The OneAmerica 500 Festival Mini-Marathon, which takes place in Indianapolis, Indiana, is the largest half marathon in the United States, and the seventh-largest running event in America.  As of the 37th running in 2013, it had sold out the entire running field of 35,000 for twelve consecutive years.

Commonly known as "The Mini," it attracts runners and spectators from all over the United States and the entire world. In 2011, participants came from all fifty states and nine countries. The race includes a men's and women's running division, as well as men's and women's wheelchair entries. The Delta Dental 500 Festival 5K, a shorter version of the Mini utilizing the same start and finish lines, runs the same day.

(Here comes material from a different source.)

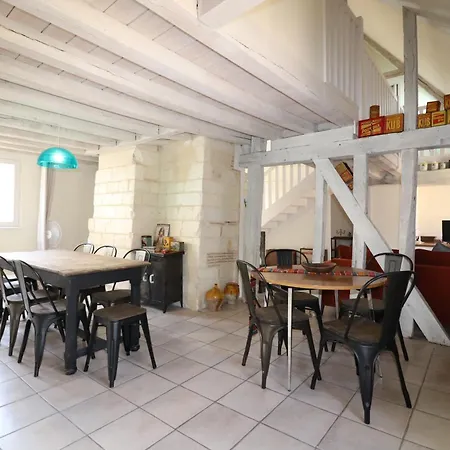 Duplex Sainte Trinite - Centre Historique 아파트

The Mini-Marathon began in 1977 and became an official 500 Festival event in 1979. The 500 Festival, a not-for-profit volunteer organization, was created in 1957 to organize civic events celebrating the Indianapolis 500-Mile Race. Over the past 55 years, the 500 Festival has grown to become one of the largest festivals in the nation. The Mini-Marathon is one of the first events of the month of May at Indy.

The  course currently starts in downtown Indianapolis, includes city streets then heads west toward Speedway. It features a full loop around the Indianapolis Motor Speedway, then returns to finish in the downtown area. From 1977 to 1992, the race was held the Friday before the Indianapolis 500 (part of Memorial Day weekend). Starting in 1993, the race was moved to early May, the Saturday three weeks before the race except a few exceptions.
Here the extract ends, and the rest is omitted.